Ardi mengatakan, kasus hukum yang disidangkan di peradilan militer sering kali tertutup. Salah satunya eks Kepala Badan SAR Nasional, Hendri Alfiandi yang ikut tertangkap tangan melakukan rasuah oleh Komisi Pemberantasan Korupsi (KPK). Hingga saat ini proses peradilannya sulit dipantau.
Di sisi lain, di dalam revisi UU TNI yang sudah disahkan, pengerahan tentara ditambah dari semula 10 instansi sipil lalu menjadi 14 kementerian atau lembaga.
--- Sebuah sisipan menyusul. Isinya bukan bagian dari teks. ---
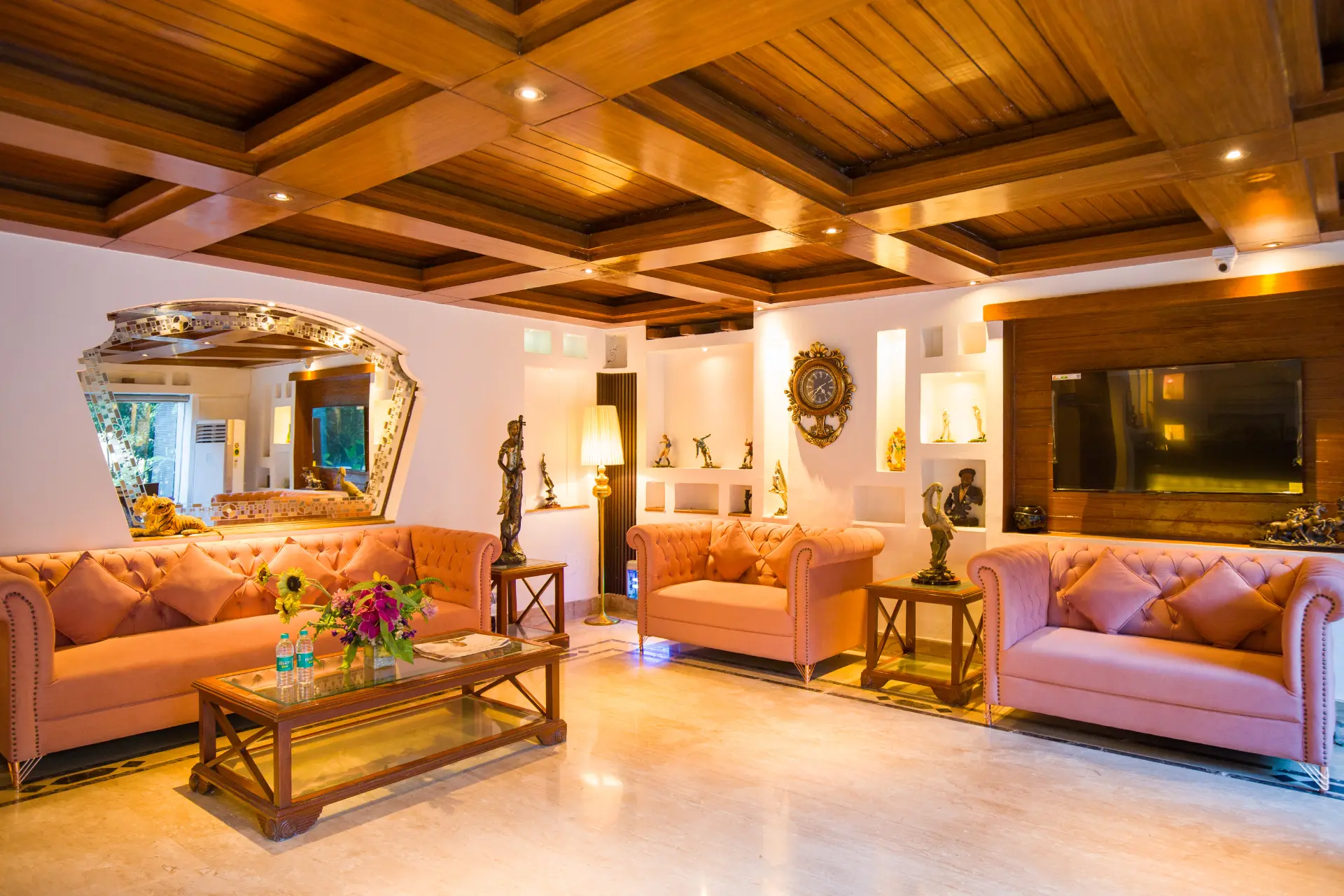 Emperor Palms | Executive | Restaurant | Lift - Image 2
Ardi menilai ada perubahan paradigma yakni TNI yang semula dilarang menempati jabatan sipil tanpa terlebih dahulu pensiun, kini malah dibolehkan.
"Jadi, pasal 47 dulu (di UU TNI tahun 2004) sifatnya limitatif. Di ayat (1) terlihat militer dapat menduduki jabatan sipil bila sudah pensiun dari dinas kemiliteran. Tapi, dikecualikan di ayat 2. Boleh rangkap jabatan tapi terbatas di 10 institusi," katanya.
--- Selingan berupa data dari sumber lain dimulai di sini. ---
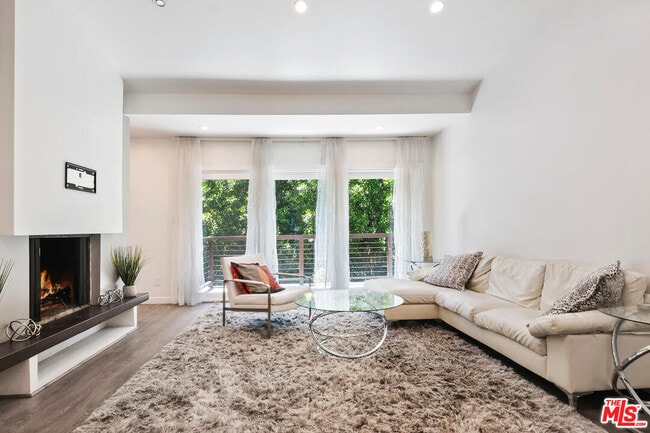 Building Photo - 3729 Reklaw Dr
Masuknya prajurit TNI aktif di 10 institusi pada 2004 lalu, kata Ardi, merupakan bentuk kompromi antara militer dengan pemimpin politik.
"Karena ketika itu merupakan masa transisi dari Orde Baru menuju era reformasi," tutur dia.
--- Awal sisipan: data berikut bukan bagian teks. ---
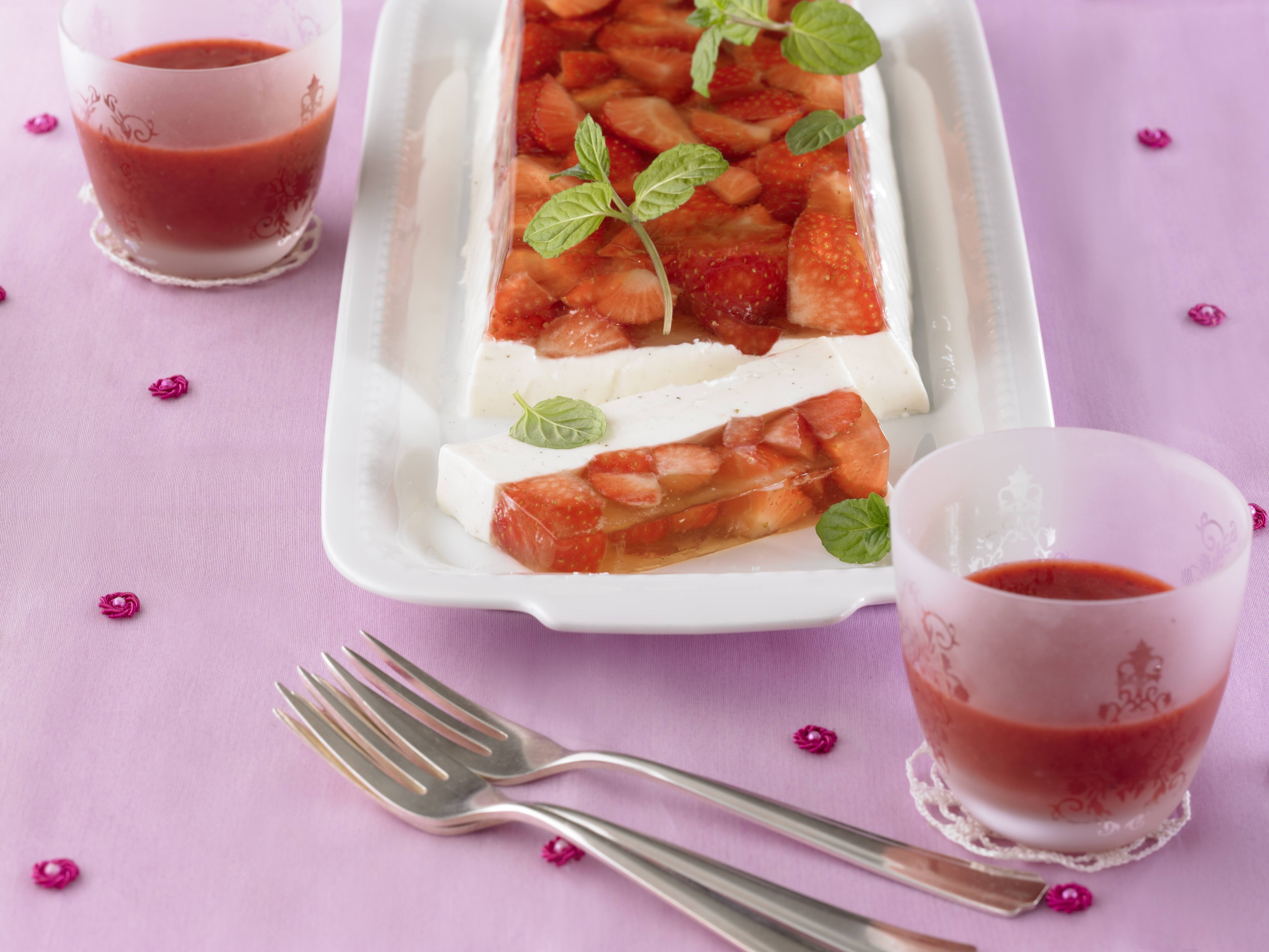 recipe image Erdbeerterrine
Pada era Orba, prajurit TNI dibolehkan masuk ke semua sektor sipil. Sedangkan, usai kejatuhan Orba, peran TNI dibatasi hanya di 10 institusi saja.
2. Daftar 14 kementerian atau lembaga yang boleh diisi oleh prajurit TNI aktif

Berikut daftar 14 kementerian atau lembaga yang boleh diisi oleh prajurit TNI aktif:
- Koordinator Bidang Politik dan Keamanan Negara
- Kementerian Pertahanan, termasuk Dewan Pertahanan Nasional
- Kesekretariatan negara yang menangani urusan kesekretariatan presiden dan kesekretariatan militer presiden
- Badan Intelijen Negara
- Badan Siber dan atau Sandi Negara
- Lembaga Ketahanan Nasional
- Badan Search and Rescue (SAR) Nasional
- Badan Narkotika Nasional
- Mahkamah Agung
- Badan Nasional Penanggulangan Bencana (BNPB)
- Badan Nasional Penanggulangan Terorisme
- Badan Keamanan Laut
- Badan Nasional Pengelolaan Perbatasan (BNPP)
- Kejaksaan Agung (Jaksa Agung Muda Bidang Tindak Pidana Militer)
Meski begitu, Sekjen Perhimpunan Bantuan Hukum Indonesia (PBHI), Gina Sabrina tidak yakin prajurit TNI aktif tak tergoda untuk masuk ke sektor di luar 14 instansi sipil tersebut. Hal itu, kata Gina, berdasarkan preseden sebelumnya.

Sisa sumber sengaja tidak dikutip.